[time-nuts] How close can you trim a Cs?
John Ackermann N8UR
jra at febo.com
Wed Mar 9 10:42:58 EST 2005
Chuck Harris wrote:
> Hi John,
>
> The manual for my old Sulzer 2.5A crystal oscillator says to not make
> frequency adjustments more often than every 72 hours.
>
> I never understood exactly why, but that is what they said.
>
> I know that with my Austron 2100F/T loran receivers, the displayed
> frequency offset reading takes about 12 hours before it is strictly
> correct. Last night I had just finished surgery on my Sulzer 2.5A
> and was tracking it with two 2100's, one set for the Master, and one
> set for a Secondary transmitter. I started the two receivers tracking
> about 30 minutes apart. At the end of 3 hours, one 2100 said the
> standard was 10E -2.8, and the other 2100 said it was 10E +3.2.

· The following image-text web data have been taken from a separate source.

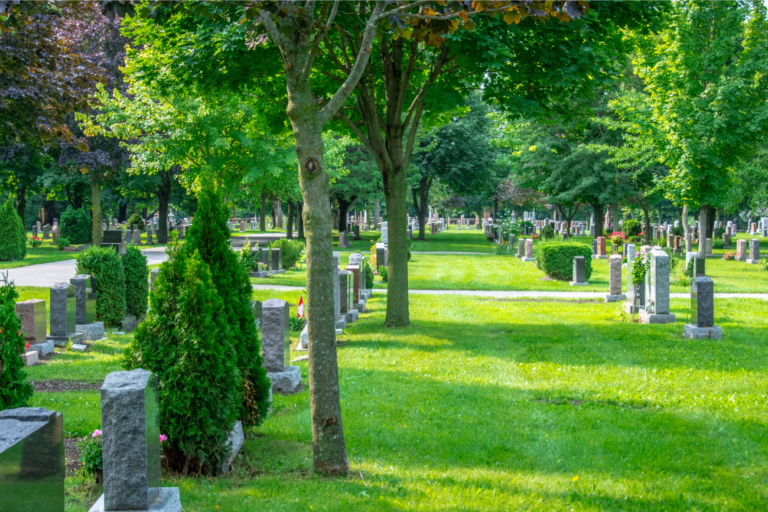 Cemetery Plot Laws: Ownership Transfers, Burial Rights, and Maintenance Duties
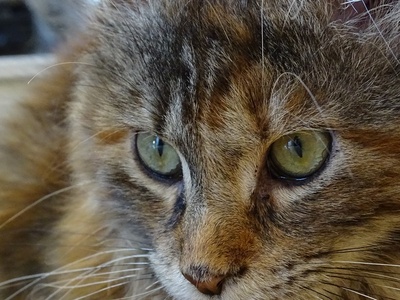 Maine Coon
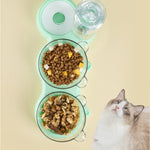 Bovenaanzicht van groene voedertray met kattenvoer.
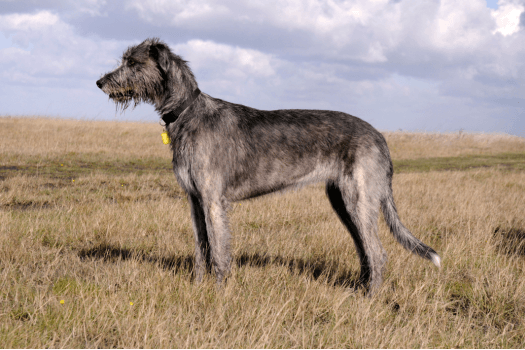 Ierse Wolfhond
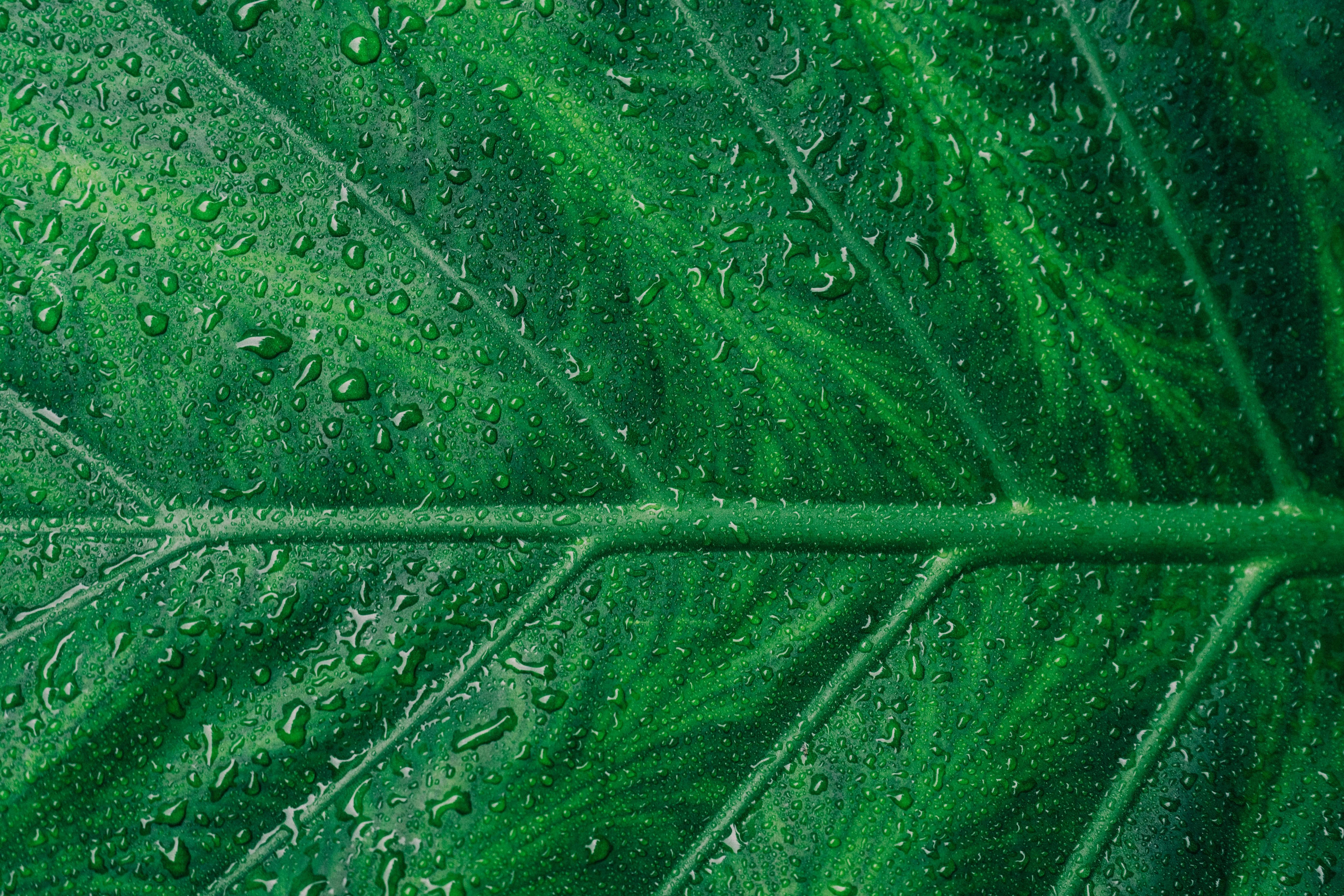 Leaf Texture Photo, Download The BEST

> By morning, they both agreed that it was 10E +5.8. If I had started both
> receivers tracking at the same time, they would have both been in exact
> agreement.
>
> My point is the software that calculates the frequency offset in these
> receivers (and probably your GPS receiver too) is kind of funny. Because
> the tracking loops have very long time constants, you need to give the
> receivers plenty of time to settle down.
>
> -Chuck
Hi Chuck --
Thanks for the response! I'm using the raw 1pps output from a Motorola
UT+ receiver as the "stop" input to a time interval counter (with 2ns
resolution), and the 1pps from the 5061A as the "start" input. I then
log the time interval at 100 second averaging and plot that. So, my
situation is a bit different than using the Loran receiver (which I
agree takes a long time to stabilize). The real issue is the noise on
the GPS signal, which with 100 second averaging is around 10 nanoseconds
with occasional spikes of 20ns or so. But over several hours you can
get a pretty good view of what the slope is -- the question is whether
it's good enough to measure parts in the low 13s or even better, high 14s.